> _YOUR OBJECTIVE_
Please, without the pictures, retype exactly the lines from the start of the material through the line that holds "Tkanina kwiatowa z".
*** SUPPLIED RECORDS Section Begins ***
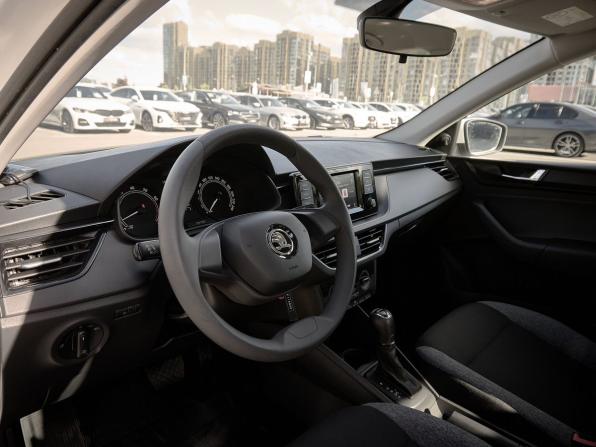 Skoda Rapid II с пробегом 2022 года, цена 1 687 000 рублей, 68642 км, лифтбек, Автокод Объявления
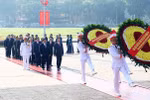 Leaders pay tribute to President Ho Chi Minh on National Day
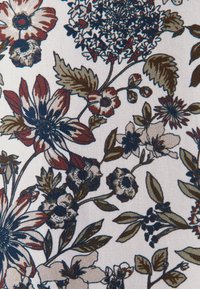 Tkanina kwiatowa z misternymi niebieskimi i bordowymi kwiatami na białym tle. Zawiera szczegółowe liście oraz różnorodne kształty i rozmiary kwiatów.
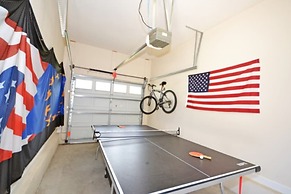 Reunion Retreat 3 Bedroom Home by RedAwning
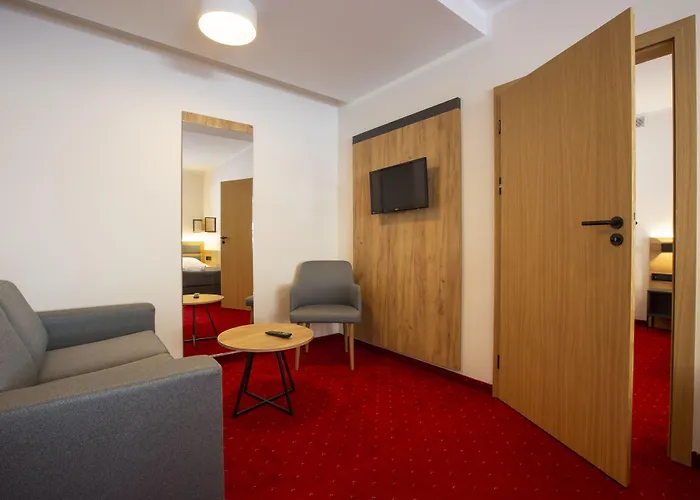 Puchaczowka Sienna (Klodzko)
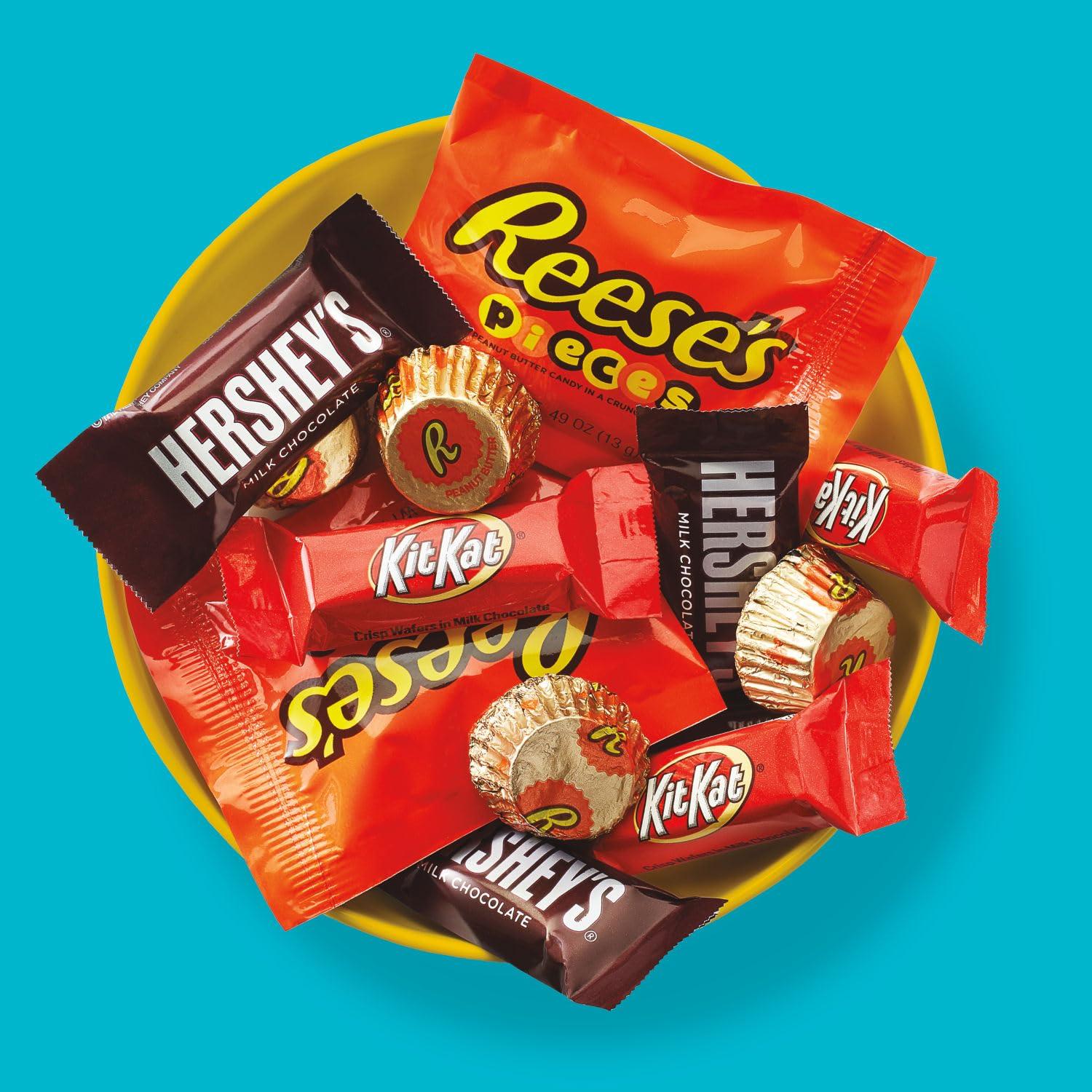 HERSHEY'S HERSHEY\'S, KIT KAT and REESE\'S Assorted Flavored Candy Party Pack, 33.38 oz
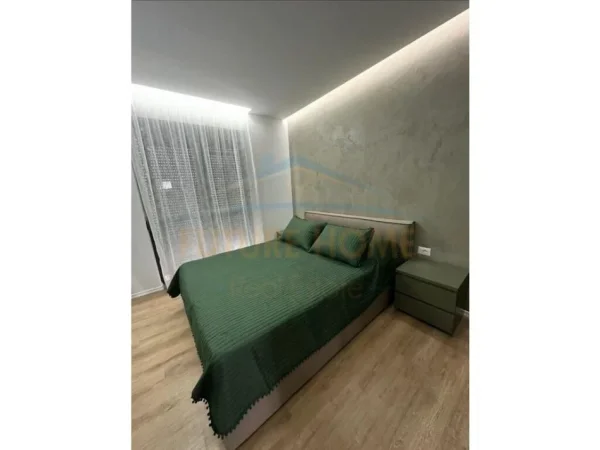 Korce, jepet me qera apartament 2+1 Kati 4, 65 m² 400 € (Lagjia 12)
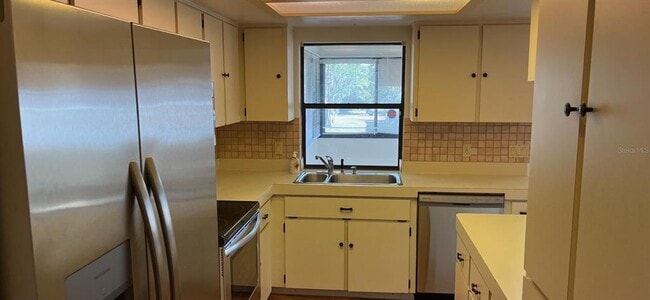 Building Photo - 8992 Hernando Way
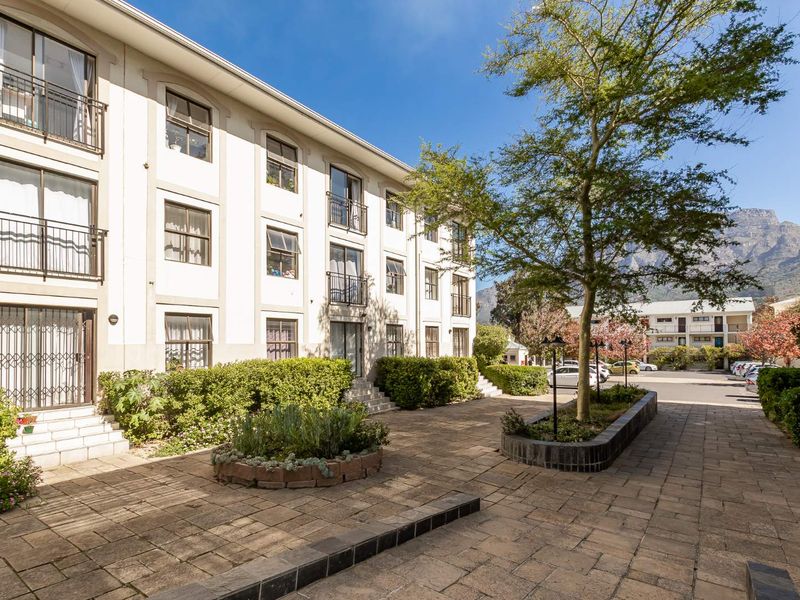 Studio Apartment in the heart of Rondebosch. - Photo 2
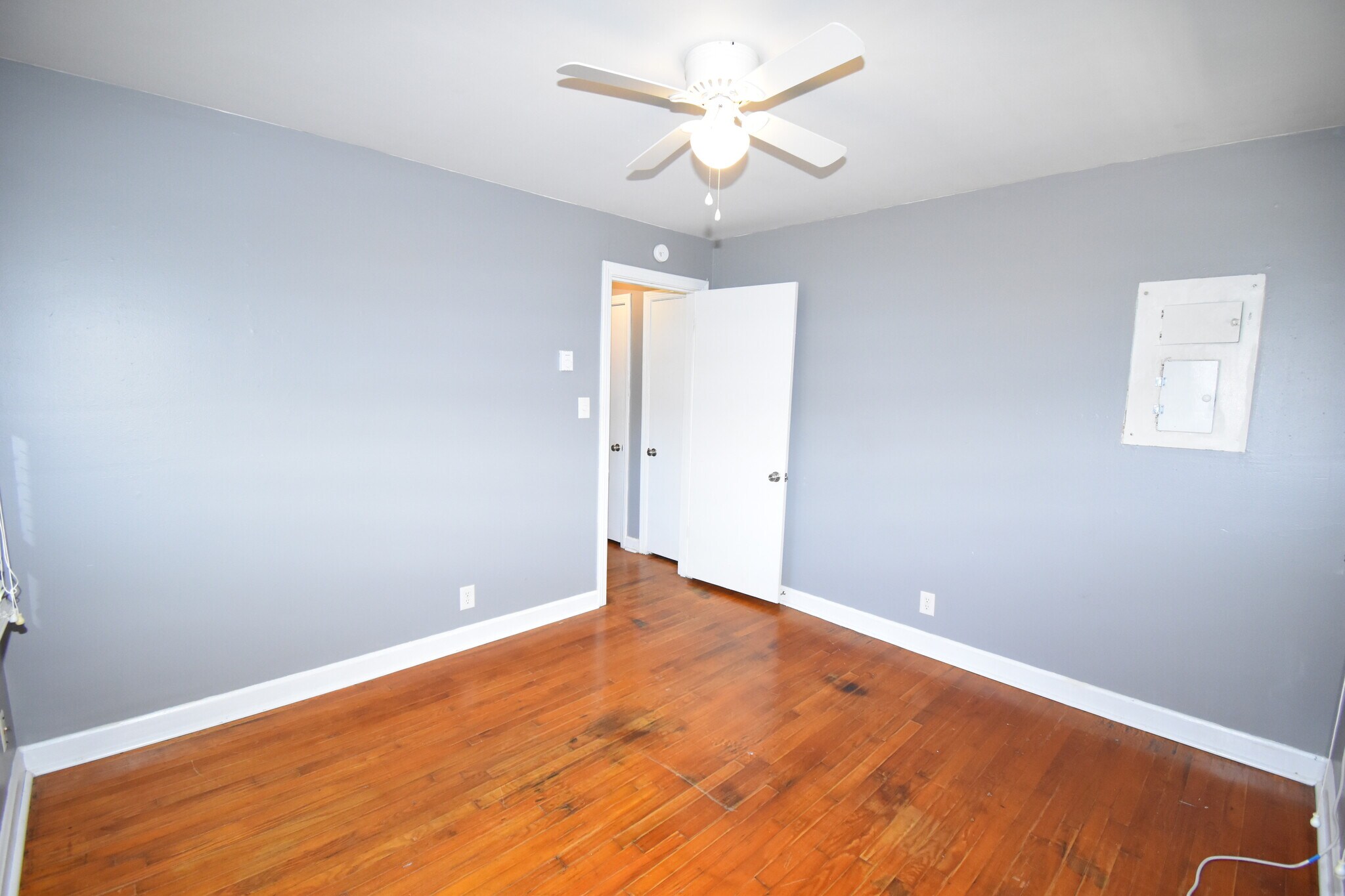Building Photo - 406 Hietts Ln
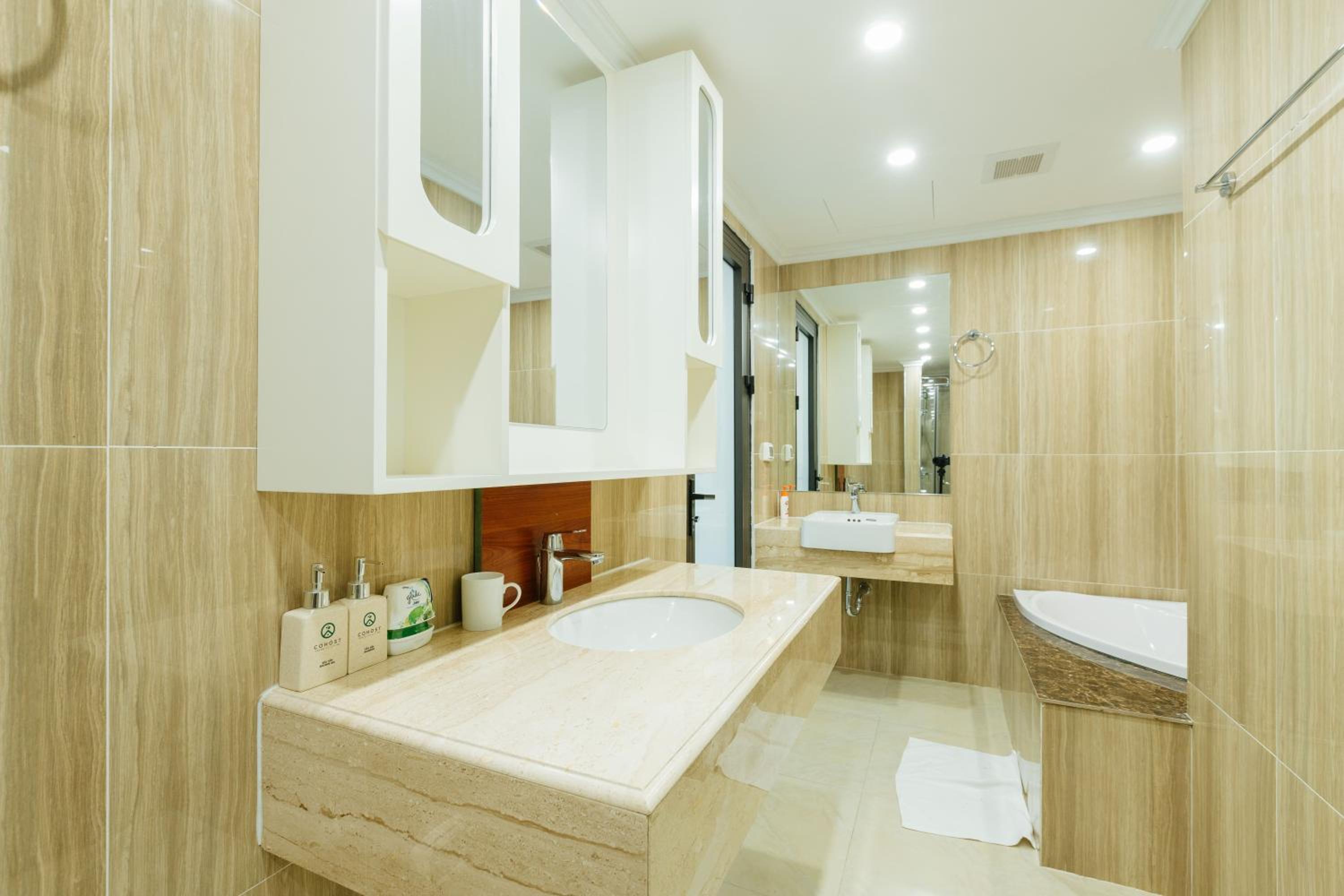 D'Leroi Soleil - Modern Apartment by West Lake
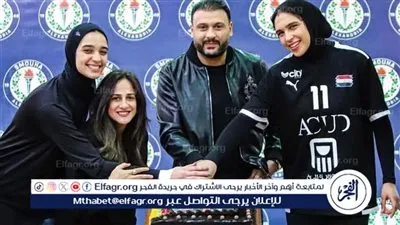 الغنيمى يكرم لاعبات سموحه المتألقات مع منتخب اليد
*** SUPPLIED RECORDS Section Ends ***
> _RESPONSE TO THIS EXERCISE_
 Skoda Rapid II с пробегом 2022 года, цена 1 687 000 рублей, 68642 км, лифтбек, Автокод Объявления
 Leaders pay tribute to President Ho Chi Minh on National Day
 Tkanina kwiatowa z misternymi niebieskimi i bordowymi kwiatami na białym tle. Zawiera szczegółowe liście oraz różnorodne kształty i rozmiary kwiatów.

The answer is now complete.